Giles and Ransome Inc.  (04-RC-124785) Bensalem, PA, May 20, 2014.  Order denying Employer’s request for review of the Regional Director’s decision and direction of election on the ground that it raised no substantial issues warranting review.  Petitioner--International Union of Operating Engineers, Local 542, AFL-CIO.  Chairman Pearce, and Members Johnson and Schiffer participated.
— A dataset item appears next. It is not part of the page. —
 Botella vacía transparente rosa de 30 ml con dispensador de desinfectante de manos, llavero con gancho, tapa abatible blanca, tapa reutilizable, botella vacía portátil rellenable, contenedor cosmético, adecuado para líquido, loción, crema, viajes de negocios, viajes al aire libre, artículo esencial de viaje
Olean General Hospital  (03-RC-111355)  Olean, NY, May 2014.  No exceptions having been filed to the Administrative Law Judge’s recommended disposition of objections and challenged ballots in an election held October 25, 2013, the Board adopted the Judge’s findings and recommendations, and directed the Regional Director to open and count the challenged ballots of 11employees, prepare a revised tally of ballots, and issue the appropriate certification.

Klochko Equipment Rental Company, Inc.  (07-RC-104929)  Saginaw and Melvindale, MI, May 21, 2014.  The Board adopted the hearing officer’s recommendations to overrule the Employer’s objections to a self-determination election.  The Board found no evidence that the Petitioner misrepresented to the sole eligible voter that he would be covered by a separate collective-bargaining agreement than that covering the employees in a Melvindale, MI bargaining unit if he voted for representation by the Petitioner.  Accordingly, the Board certified that Petitioner Local 324, International Union of Operating Engineers, AFL-CIO may bargain for the employee/voter who works at the Employer’s Sagninaw, Michigan plant, as part of the existing collective-bargaining unit of mechanics and truck drivers working at the Employer’s Melvindale Michigan plant, which unit is currently represented by the Petitioner.  Chairman Pearce, and Members Miscimarra and Hirozawa participated.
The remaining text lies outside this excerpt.